The Washington Post

Apple juice/arsenic debate rages on

I reported here in September that Mehmet Oz had raised questions about the amount of arsenic found in apple juice. The FDA had responded that Oz’s testing methods were flawed and that our apple juice supply is perfectly safe.

At the time, I pointed out that apple juice, even without arsenic, is not an ideal beverage for kids or anyone else.

But as my colleague Janice D’Arcy reported Wednesday in the On Parenting blog, the controversy has taken new turn with a Consumer Reports apple-juice roundup that, like Oz’s, found more arsenic in apple (and grape) juice than perhaps should be there. Consumer Reports tested 88 juice samples (about 3 each from 28 apple and 3 grape juice brands) and found that about 10 percent of the samples had total arsenic levels higher than the 10 ppb (parts per billion) that the federal government allows in bottled water. The CR report, unlike Oz’s, accounts for the difference between inorganic arsenic and organic arsenic; the former is a known carcinogen, while the latter’s potential effects on human health are less clear. Most of the arsenic found was inorganic.
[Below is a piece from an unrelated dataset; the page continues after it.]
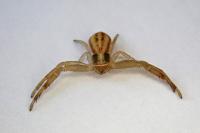 Runcinia grammica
Consumer Reports says it’s calling on the FDA to set standards for arsenic levels (and lead levels, which were also high in some samples) for apple and grape juices. And, as D’Arcy writes, “The group is suggesting that parents restrict juice consumption to children up to 6 years old to no more than six ounces per day. For older children, it recommends no more than eight to 12 ounces a day.”

I’ll say it again: Arsenic or no arsenic, kids don’t need any more apple juice than that, anyway.